Nunca houve, pois, um primeiro casal sequer de que etnia se imagine. Evitemos velhos erros, que só ao preconceito estúpido conduziram, vide a noção absurda que a evolução tinha produzido os homens europeus brancos vitorianos como vitoriosos de um processo evolutivo.
Pelos?  Muito pelo contrário!

Avancemos adiante do trocadilho infame...

Tenho um conhecido, por um acaso de origem oriental, que insistentemente cai no erro de dizer que é “mais evoluído” por ter menos pelos corporais.

Igualmente um erro simplório, e talvez aqui mais simplório.

Não é “mais ou menos evolução” que faz um urso polar ter a dupla camada de pelos que o torna apto aos climas árticos. É exatamente ter evoluído possuindo esta aptidão que foi correlata com ser peludo.

Mas claro que não somos ursos.

Porém, bonobos, os chimpanzés pigmeus são claramente menos peludos que seus primos mais próximos. Jamais podemos dizer, com minúcias de “sentido” de um processo, qual foi a direção em termos de mais isso ou mais aquilo que leva a ter, por exemplo, escamas ou pelos, chifres ou esporões. A seleção natural e a deriva genética de mínimas características, como os poucos pelos dos humanos não são direcionados tão rigidamente.

A Biologia, como sempre, é uma Ciência única.

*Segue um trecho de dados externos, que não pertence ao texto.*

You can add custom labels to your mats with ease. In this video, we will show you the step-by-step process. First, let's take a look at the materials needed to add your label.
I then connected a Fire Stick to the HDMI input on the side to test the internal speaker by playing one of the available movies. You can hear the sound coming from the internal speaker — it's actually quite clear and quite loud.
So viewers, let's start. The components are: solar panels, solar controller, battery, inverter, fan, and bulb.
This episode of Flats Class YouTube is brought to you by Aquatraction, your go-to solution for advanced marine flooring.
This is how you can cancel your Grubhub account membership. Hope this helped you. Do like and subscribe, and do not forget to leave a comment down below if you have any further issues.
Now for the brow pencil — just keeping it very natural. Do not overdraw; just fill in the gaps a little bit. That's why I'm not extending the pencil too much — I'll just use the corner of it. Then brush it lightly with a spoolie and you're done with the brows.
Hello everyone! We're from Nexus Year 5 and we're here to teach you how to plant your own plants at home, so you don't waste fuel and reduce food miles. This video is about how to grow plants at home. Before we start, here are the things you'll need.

Sou obviamente de uma etnia mais nova que a de nativos do sul da África – em caso de distração, releia a primeira parte deste texto – não sou, por isso mesmo, mais evoluído que estes meus afastados primos afros, e pela falta de direção estrita em determinadas características, sou bem mais peludo corporalmente que qualquer africano.

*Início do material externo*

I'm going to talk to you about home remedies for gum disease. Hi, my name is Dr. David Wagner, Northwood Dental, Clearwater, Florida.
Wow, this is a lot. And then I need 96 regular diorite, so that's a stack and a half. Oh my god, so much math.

Poderia aqui alongar hipóteses de seleção sexual desde a barba até pelos no peito e nas costas entre ancestrais europeus e dos povos do norte da Índia, mas não seria sequer honesto com meus amigos que estudam profundamente o histórico da evolução humana. A questão acima de qualquer discussão neste campo é: não existe, definitivamente, qualquer característica genética humana, associada a qualquer de suas etnias, que coloque qualquer destas etnias como “mais evoluídas”. Podemos dizer que são mais recentes, e tal é comprovável até por registros lingüísticos e históricos, como se percebe nos povos da África e nas migrações da Ásia e Europa, respectivamente, mas isso não nos separa, em qualquer caso evidente, a não ser recentes suposições de especiações humanas em termos de cromossomos ocorrendo na Ásia, que exista alguma hierarquia biológica entre nós, até porque, em termos de espécie humana, isso não existiria, e mesmo uma especiação não implicaria em “mais evoluído”, conceito por si só uma contradição em termos.

Seria algo tão insano como dizer que descendentes de peixes de cavernas sem olhos, evoluídos de peixes de lagos da América Central, seriam nesses olhos a menos, faltantes, “menos evoluídos” que seus primos/ancestrais diretos.

Se a ausência de algo não o convenceu desta ausência de sentido, podemos dizer que o acréscimo de algo também não o faria, pois deixando de existir as cavernas, e havendo peixes que voltassem a ter estruturas de visão – seja a partir de que modificação de qual estrutura – estes não seriam ``mais evoluídos`` que os cegos, pois sempre as formas de vida seriam ``mais aptas`` e mesmo a questão de ``mais complexo`` seria discutível, pois até mesmo, no nosso pitoresco e no fundo apenas didático caso, alguém com pelos e evidentemente mais complexo que alguém sem estes. Ops! Q.E.D..
Não, não demonstrou-se acima coisa alguma, até porque não haveria sentido no processo evolutivo a se demonstrar.
Não são cabelos loiros, olhos azuis, dobras nas pálpebras, mais ou menos melanina que nos torna superiores como humanos entre os demais humanos. Apenas mostra diferenças em etnias que nos tornaram mais aptos a determinados ambientes (ou mais atrativos aos de nossa mesma etnia), como mais capacidade de produzir vitamina D com a radiação solar, narinas e sinus mais estreitos e longos para climas mais frios, mais resistência a radiação ultravioleta das savanas, etc. Existem pois aptidões fruto de seleção – até sexual – e adaptações a ambientes, coisa alguma além disso.


Afirmar que qualquer característica humana é prova por si de este ser “mais evoluído” é algo tão sem nexo quanto afirmar que um cão pelado mexicano, fruto de séculos de nossas seleções entre  os cães, o torna superior a um lobo das planícies asiáticas, de onde mais confiavelmente todos os cães evoluíram.